Monday, October 24, 2011

Is That a Gut Feeling...Or Gas?

Gah, my evaluation from work is coming up and I find out if I get to stay a lil while longer or if I get the axe. I have a feeling my boss will choose the former.

I don't know why she would, because I've had a slight incident at work with a kid that I wish didn't exist. Since then, I've been to work ON TIME, called out only once because I was genuinely ill and had no other complaints (that I know of). I hope the one run-in I had with my boss doesn't effect my evaluation.

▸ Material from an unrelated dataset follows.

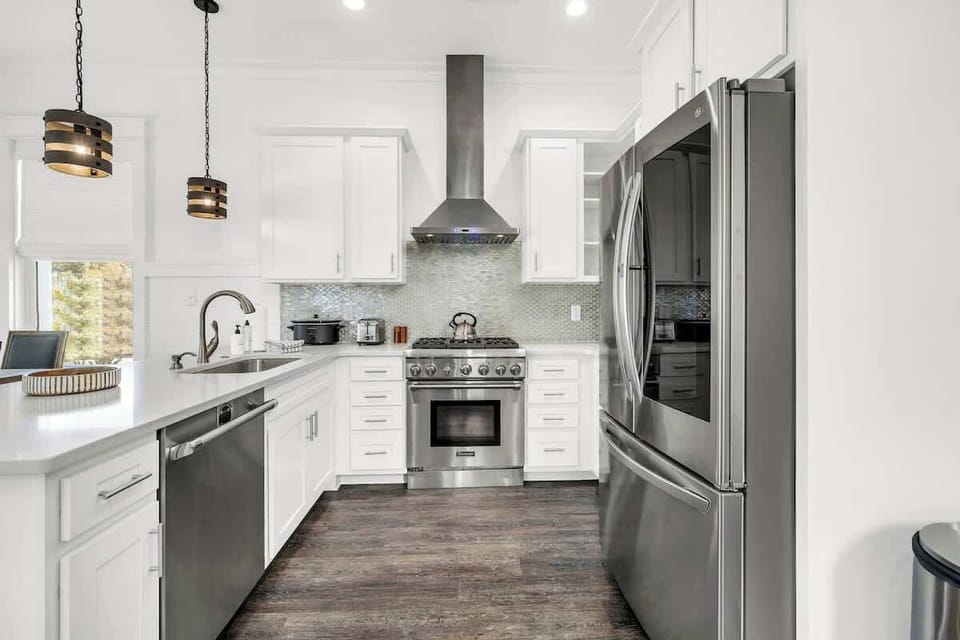 Fully equipped kitchen for all your cooking needs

I start my volunteer work tomorrow at the Family Tree. I decided to volunteer to give myself something to do. I'm so bored and on empty. Work, for a while there, drained me so much. The kids were just acting up so bad that I would come home physicaly, mentally, and emotionally exhausted. I've been sleeping a lot lately because I'm just tired. A vacation would be awesome but I don't have any time just yet. At the Family Tree, I'll be doing paper work and NOT dealing with children or teaching parenting classes. I want something a little more relaxing. I hope that I can just sit at a desk and do work and not have to get up and curse people out. Gah.

I've also been getting into contact with people in the Criminal Justice programs at Towson and University of Baltimore. I'd really like to get my MS in Criminal Justice but I can still get into the field with a MS in Social Work (which I don't want to do. Its dumb.).

I have a lot of things going on to keep me busy and stressed out. The busier I am the better though.